I have a confession to make.
I ruined my own birthday by being irritable, spiteful and, in certain moments, simply mean.
Surely it was a snowball effect. It came from one thing after another, accumulating until BAM! It exploded. I believe that’s true, but it’s not a very good defense. The end result was still an explosion.
The morning of my birthday I woke up feeling feverish and stressed about all the things I needed to finish this week before we fly out on Friday. My brain was a broken record, on non-stop in the background as I drove, as I taught, even during the kids’ Christmas recital: “recital then grocery store then pick up Marco from the station then cook either the risotto or the gnocchi then Marco’s friends come remember to print photos then sleep then Wednesday up to prep dinner with his parents before work then work then packing and remember to get the Christmas cards then…..”

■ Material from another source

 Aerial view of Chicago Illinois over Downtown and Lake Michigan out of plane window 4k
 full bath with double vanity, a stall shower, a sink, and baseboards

Maybe some of you can relate.
As the day went on my already scratchy voice became all but inaudible. I was losing my voice the last two days of school and I felt that I couldn’t call in sick because I had already asked for two days in order to fly home. At the same time, it’s impossible to teach with no voice. My broken record changed to: “recital then grocery store and what can I do for my voice then get Marco from the station and what am I going to do if it doesn’t get better by tomorrow then cook then make a tea and magically have a voice again then…”
By the time I got home I was even more anxious and in pain. From there, it only took a second to pick a fight with Marco.
Of course I’m defending myself, it’s only human nature and hey, it’s my blog. But there’s more to it than that. If I want to defend myself then I think I have to admit the truth: Everything is marked by my dad’s death, including birthdays.
My birthday was two months to the day since he has passed. It’s my first birthday without him. Just like it was my first Thanksgiving without him and the first time I Skyped with mom knowing he wasn’t there and the first time of everything without him.
When I first came back from America after his funeral this October, I gave a wane smile to the teachers who asked how I was doing. “Fine, fine. We’re all fine,” I’d say. “I’m thankful I was able to go home.” It seemed to work as an acceptable response, until another expat teacher looked me in the eye and said, “Yes, but be sure to give yourself time to grieve. Sometimes being so far away can make it seem less real.” I avoided her gaze.
The truth is, I don’t feel strong enough to “grieve” right now. If I think about it I cry. So I try not to think about it as much as possible. My colleague was right, being so far away makes it easy for me to go on with my life as if nothing has changed. I’ve been far away from my parents for three years and on my own for four years before that as well. Maybe it’s the same as always. I can ignore it. I can avoid it. I can push any and all grieving to the side.
But with my trip to America looming, I felt the noose tightening. I’d be home for Christmas, but I’d be home without him. On a holiday that celebrates family togetherness more than anything, it will be impossible to push aside my sadness. It will be impossible to try not to remember that my dad is no longer with us. As overjoyed as I am at going home, I am also slightly dreading it. It hurts to grieve, and now I’ll no longer be able to push it off.
The Internet tells me that the five stages of grief are denial, anger, bargaining, depression and acceptance. Maybe that’s true, but at any given moment I feel a mixture of all five emotions. Forced denial and an excess of anger. An overwhelming desire to never leave the house again and a calm delivery of sentences in the past tense regarding my father. My dad is dead and I’m fucking pissed off.
The Internet also says, “Our grief is as individual as our lives.”
I’m sure that’s true, I’m just sorry that this time my grief came out so ugly. The day after my birthday I woke up completely mute. I had lost my voice entirely and definitely couldn’t teach. Even more stressed, it also forced me to slow down. It gave me time to realize what the scene I made the night before truly stemmed from. Losing my voice was out of my control. In a way, so is my grief.
So my grief ruined my birthday – I ruined my own birthday – but I don’t need to let it ruin my Christmas home.
My dad was king of idiomatic expressions, but there’s one classic dad-saying that always got straight to the point:
“It doesn’t cost a penny to be nice.”
As I fight through my grief this Christmas season, that’s the one I’ll try to keep in mind.